O sistema criou as atas de arrematação na via extrajudicial, instrumentalizando o lance vencedor em leilões extrajudiciais como negócio derradeiro do procedimento de execução de imóveis hipotecados ou alienados fiduciariamente em garantia.12 É importante ressaltar que a lavratura de uma ata notarial de arrematação pelo tabelião de notas, contendo dados de intimação do devedor e do garantidor, bem como os autos do leilão e constituindo título hábil de transmissão da propriedade ao arrematante a ser registrado na matrícula do imóvel, representa uma novidade trazida pela lei 14.711/23. Essa inovação configura um tertium genus entre a Escritura Pública e a Ata Notarial. Assim, ao mesmo tempo que atesta fatos, o tabelião formaliza a vontade e descreve os elementos essenciais do negócio jurídico, tudo em um único instrumento notarial.13

Concluído o procedimento de execução via extrajudicial de hipoteca ou alienação fiduciária, e havendo lance vencedor, os autos do leilão e o processo de execução extrajudicial da hipoteca serão distribuídos ao tabelião de notas com circunscrição delegada que abranja o local do imóvel para lavratura de ata notarial de arrematação, que conterá os dados da intimação do devedor e do garantidor e dos autos do leilão.

Em sendo a ata notarial a constatação de fatos, por parte do tabelião, no mundo fenomenologicamente aferível, não resta dúvida de que a ata notarial é um ato-fato jurídico. Aquilo que o tabelião constata, no exato sentido da sua pura descrição, independe do elemento volitivo, muito embora no campo dos efeitos a ata notarial possa eventualmente ter contorno de ato ou de negócio jurídico.
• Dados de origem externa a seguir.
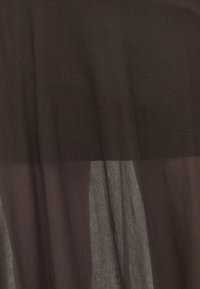 Gros plan sur un tissu léger marron foncé montrant des plis souples et une texture subtilement transparente.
No caso específico da ata notarial de arrematação, descreve a manifestação de vontade de um sujeito que arremata um bem perante o leiloeiro, configurando, assim, um negócio jurídico indireto. Ou seja, o tabelião certifica a ocorrência do evento diante do leiloeiro, mas não declara a vontade; ele apenas descreve a manifestação da vontade apresentada ao leiloeiro.

Ao contrário das atas notariais usuais, a ata de arrematação representa uma modalidade distinta, uma vez que o tabelião indiretamente corporifica o negócio jurídico. Nesse contexto, a ata descreve o negócio concluído, reconhecendo que a pessoa expressou sua vontade, adquiriu o imóvel e efetuou o pagamento. Dessa maneira, é correto afirmar que a ata de arrematação possui natureza de negócio jurídico indireto.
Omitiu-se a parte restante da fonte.